Horse and Rider (FCR 242) is a 1974 bronze equestrian sculpture by Elisabeth Frink. The work was commissioned for a site in Mayfair; another cast is in Winchester. It was described by Frink as "an ageless symbol of man and horse".

One of Frink's earliest sculptures from 1950 was also titled Horse and Rider, and she returned to this subject over decades. A series of Frink prints from the early 1970s held by the Tate Gallery depict a horse and rider.

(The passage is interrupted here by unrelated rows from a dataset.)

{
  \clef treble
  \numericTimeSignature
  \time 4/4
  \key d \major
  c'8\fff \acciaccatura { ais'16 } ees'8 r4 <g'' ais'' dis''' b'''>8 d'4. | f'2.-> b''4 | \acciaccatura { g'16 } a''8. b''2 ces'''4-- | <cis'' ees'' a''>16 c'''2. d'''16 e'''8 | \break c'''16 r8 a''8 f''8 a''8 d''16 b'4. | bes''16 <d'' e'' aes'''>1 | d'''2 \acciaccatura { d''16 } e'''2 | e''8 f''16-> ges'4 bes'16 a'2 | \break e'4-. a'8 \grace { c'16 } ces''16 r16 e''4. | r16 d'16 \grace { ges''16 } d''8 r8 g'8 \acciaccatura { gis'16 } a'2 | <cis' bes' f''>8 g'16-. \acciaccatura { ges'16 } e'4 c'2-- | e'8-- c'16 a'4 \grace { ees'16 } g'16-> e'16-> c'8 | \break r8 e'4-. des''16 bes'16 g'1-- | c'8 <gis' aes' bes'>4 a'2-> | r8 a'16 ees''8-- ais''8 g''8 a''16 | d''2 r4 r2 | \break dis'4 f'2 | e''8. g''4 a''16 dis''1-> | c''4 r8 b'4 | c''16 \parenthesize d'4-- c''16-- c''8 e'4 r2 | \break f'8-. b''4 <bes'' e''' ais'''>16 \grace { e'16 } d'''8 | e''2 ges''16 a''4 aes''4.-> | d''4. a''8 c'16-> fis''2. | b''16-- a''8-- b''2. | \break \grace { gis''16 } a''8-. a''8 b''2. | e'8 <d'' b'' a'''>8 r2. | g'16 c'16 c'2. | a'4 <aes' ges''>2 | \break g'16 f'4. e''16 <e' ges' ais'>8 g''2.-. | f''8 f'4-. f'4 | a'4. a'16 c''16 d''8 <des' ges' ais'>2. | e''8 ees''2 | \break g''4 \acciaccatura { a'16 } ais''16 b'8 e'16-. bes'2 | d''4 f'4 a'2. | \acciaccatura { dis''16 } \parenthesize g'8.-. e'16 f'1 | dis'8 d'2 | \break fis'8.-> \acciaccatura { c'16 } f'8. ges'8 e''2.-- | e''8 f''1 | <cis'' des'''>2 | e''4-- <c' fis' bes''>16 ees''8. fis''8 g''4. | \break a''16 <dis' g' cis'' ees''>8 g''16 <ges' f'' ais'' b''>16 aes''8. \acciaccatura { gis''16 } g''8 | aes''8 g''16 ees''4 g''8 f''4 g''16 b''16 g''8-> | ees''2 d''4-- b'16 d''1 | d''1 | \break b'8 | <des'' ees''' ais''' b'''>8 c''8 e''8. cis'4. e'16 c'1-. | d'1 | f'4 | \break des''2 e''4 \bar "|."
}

The work was commissioned in 1974 by Trafalgar House for a development at the southern end of Dover Street, London, near the junction with Piccadilly, opposite The Ritz. It was modelled in plaster at Frink's studio in Southwark, then cast in bronze in 1975 at Meridian Bronze Foundry in Peckham. It measures 244 cm high. Frink also cast a small version 34.3 cm, in an edition of nine in 1974.

The sculpture depicts a man riding on a horse, naked and barefoot, without tack – no saddle, bridle, or other riding equipment. The man's right hand rests on the horse's stylised mane, with his left hand resting on the horse's left flank. The horse is standing still on four legs, ready to walk, on a rough bronze base. The figures of man and horse are slightly stylised, with lightly defined musculature; the horse has a short mane and tail. Both have their heads turned to their left, as if looking at something.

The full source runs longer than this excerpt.